Nahin Abhi Nahin is a 1980 Pakistani romantic Urdu film directed by Nazar-ul-Islam.

The movie introduced the new actors Faisal, Ayaz Naik, and Arzoo. While the star actress Shabnam was in the lead role. Nahin Abhi Nahin was a golden jubilee hit of the year. The movie song, Saman wo Khawab Sa Saman, composed by Robin Ghosh and vocalized by Akhlaq Ahmed, became a very popular track. The film was based on 1971 American film Summer of '42.

==Plot==
A teenage student, who is curious about sex and romance, misinterprets the affectionate gestures of an attractive lady and falls in love with her. Meanwhile, he meets another girl of his own age group and she starts liking him, but he continues to be obsessed with that older woman. The girl tries to convince him that it is a mismatch. But then, a naughty friend of his, encourages him to express his feelings to that lady. He actually does that. The angry lady scolds him for his cheap thoughts and makes it clear to him that she was kind to him only because he resembled her deceased younger brother. The ashamed and guilty teenager tries to commit suicide but is saved. Then the girl proposes to him to be her boyfriend but the boy has now learned his lesson. He refuses her offer by saying, "Our elders are right. Flowers that bloom before their time also die prematurely. I shall eat this fruit but ... no, not just yet (nahin abhi nahin).

==Cast==
- Shabnam
- Faisal
- Ayaz Naik
- Arzoo
- Deeba
- Qavi
- Rangeela
- Mirza Shai
- Garaj Babu
- Naeema Garaj
- Ahmad Ali

Guest stars: Khalid Saleem Mota, Ilyas Kashmiri, Allauddin, Nanha, and Saqi

==Soundtrack==
All music was composed by Robin Ghosh, film song lyrics by Suroor Barabankvi.
- Kuchh Bhi Karo Yeh Rokain, Koi Buzurgon Ko Samjhaye Koi Inhain Bhi Tokay
Dunya Ke Sab Mazay Urra Kar, Kharrain Hain Raasta Rokay
- Samaan Woh Khawab Sa Samaan... Singer: Akhlaq Ahmed, Poet: Suroor Barabankvi
- Us Nay Dekha, Main Nay Dekha... Singer: Akhlaq Ahmed, Nayyara Noor
- Woh Waqt Tha Purana... Singer: A. Nayyar, Akhlaq Ahmed

==Reception and box office==
The movie did well at the box office and became a golden jubilee hit.

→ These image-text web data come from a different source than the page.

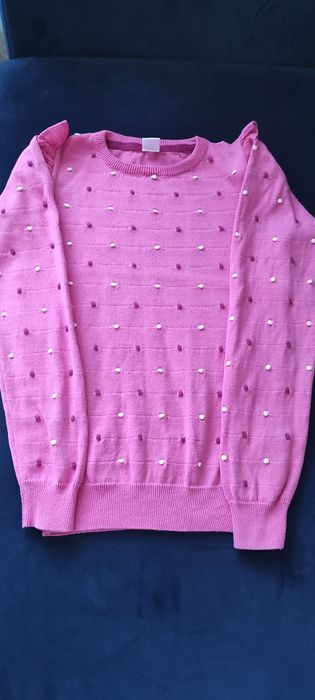 Sweterek rozm. 134 cm.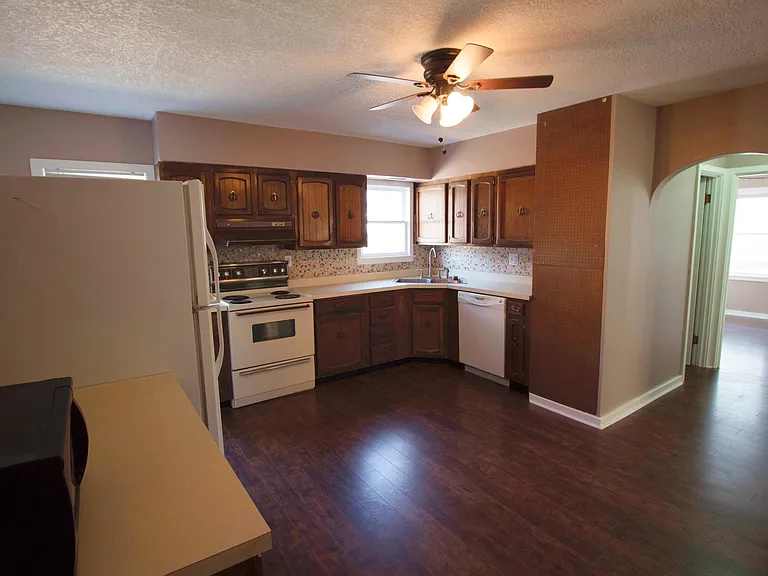 212 Santa Fe St — Photo 12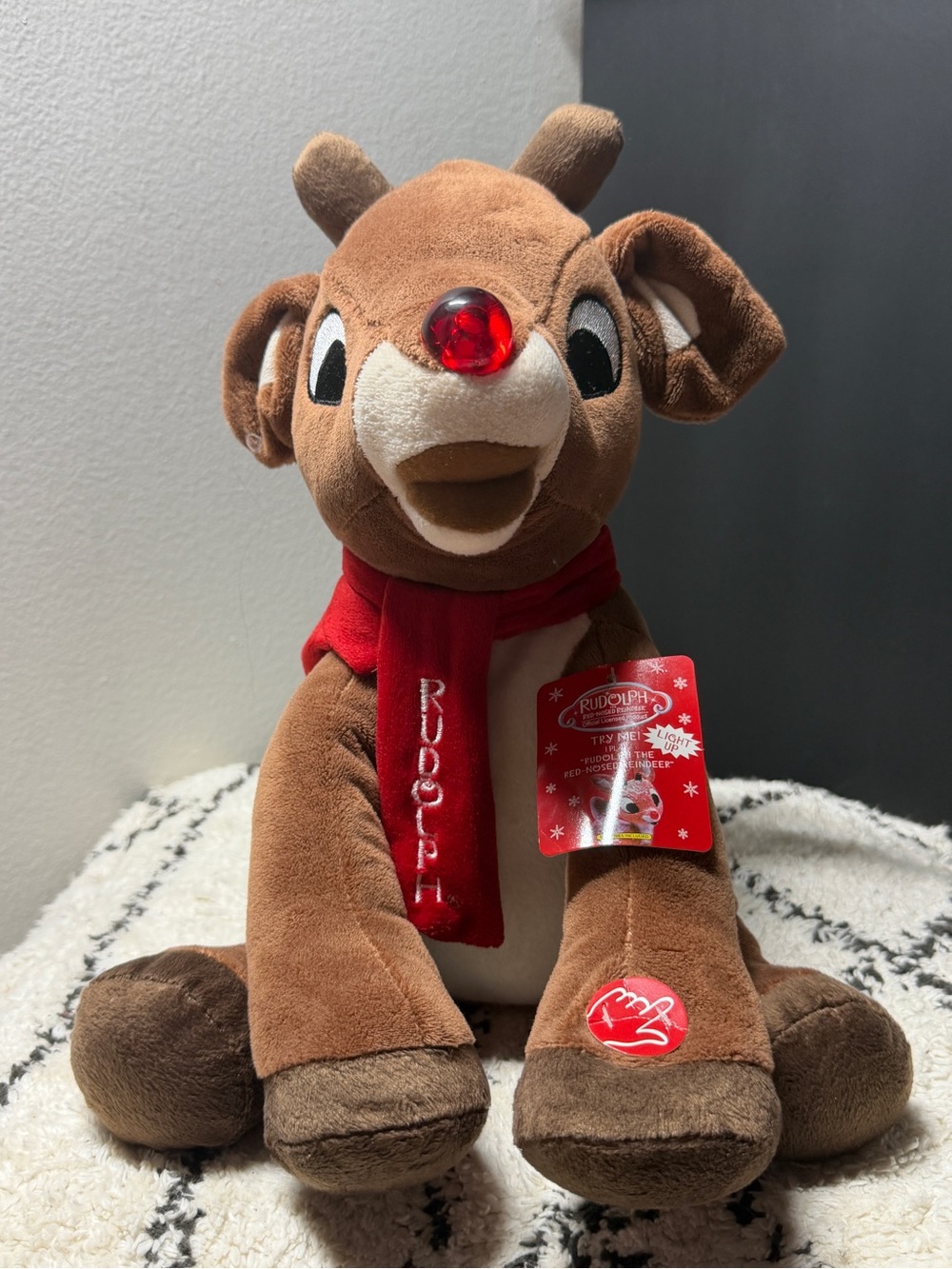 2016 DanDee Rudolph Red Nosed Reindeer Animated Singing Light Up Plush w/ Tags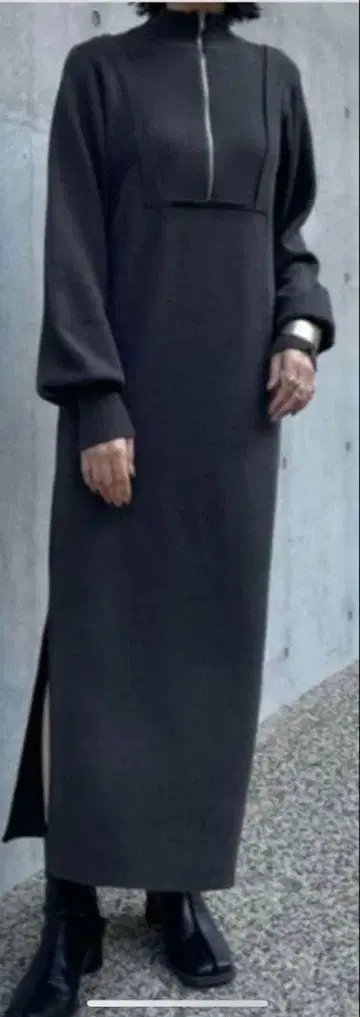 하이넥 니트 원피스 다크 그레이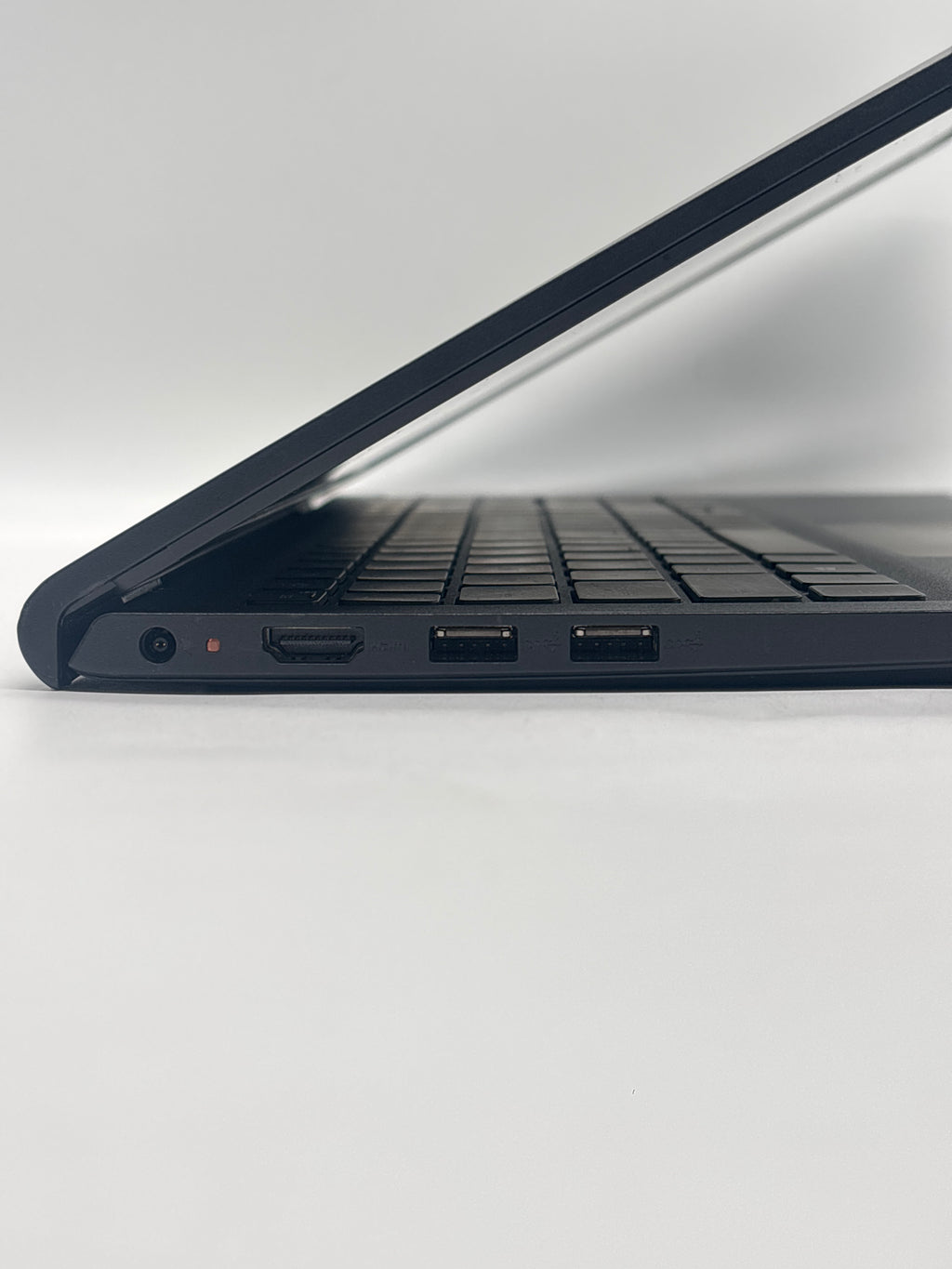 Dell Inspiron 15 3000 i5-1135G7 16GB RAM 256GB SSD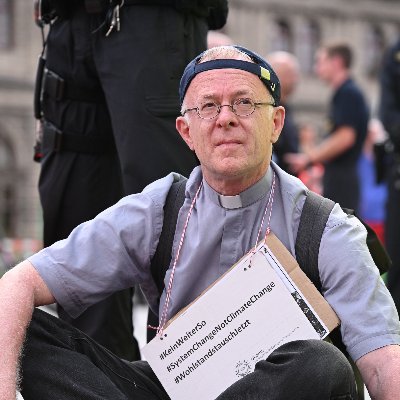 Sozialwissenschaftler, Sozialethiker, katholischer Priester, Jesuit, Christ, Aktivist, Mensch. Stimmt Dan Berrigan SJ zu: 'Some property has no right to exist.'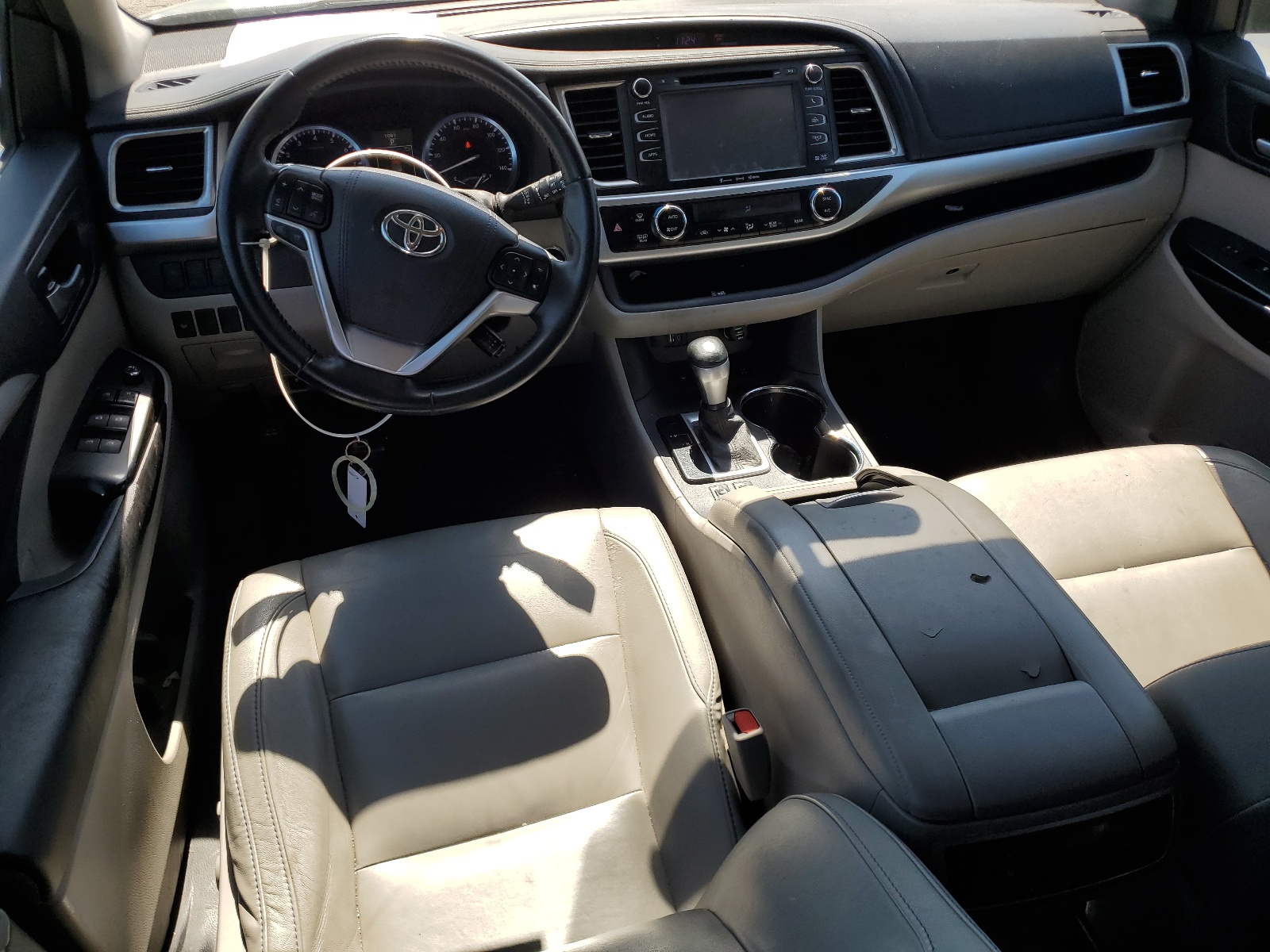 5TDJKRFH8GS338169 2016 Toyota Highlander Xle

It completed 60 cumulative weeks in theaters. Cinema fans regarded Nahin Abhi Nahin as one of best romantic and musical Urdu films with an innovative story theme.

==Awards==
Nahin Abhi Nahin won a Nigar award for the category of Special award for Faisal.

==Impact==
The film launched the careers of actors Faisal, Ayaz Naik, and Arzoo. After the release of Nahin Abhi Nahin, Faisal and Arzoo also appeared together in the popular Naaz Paan Masala commercial.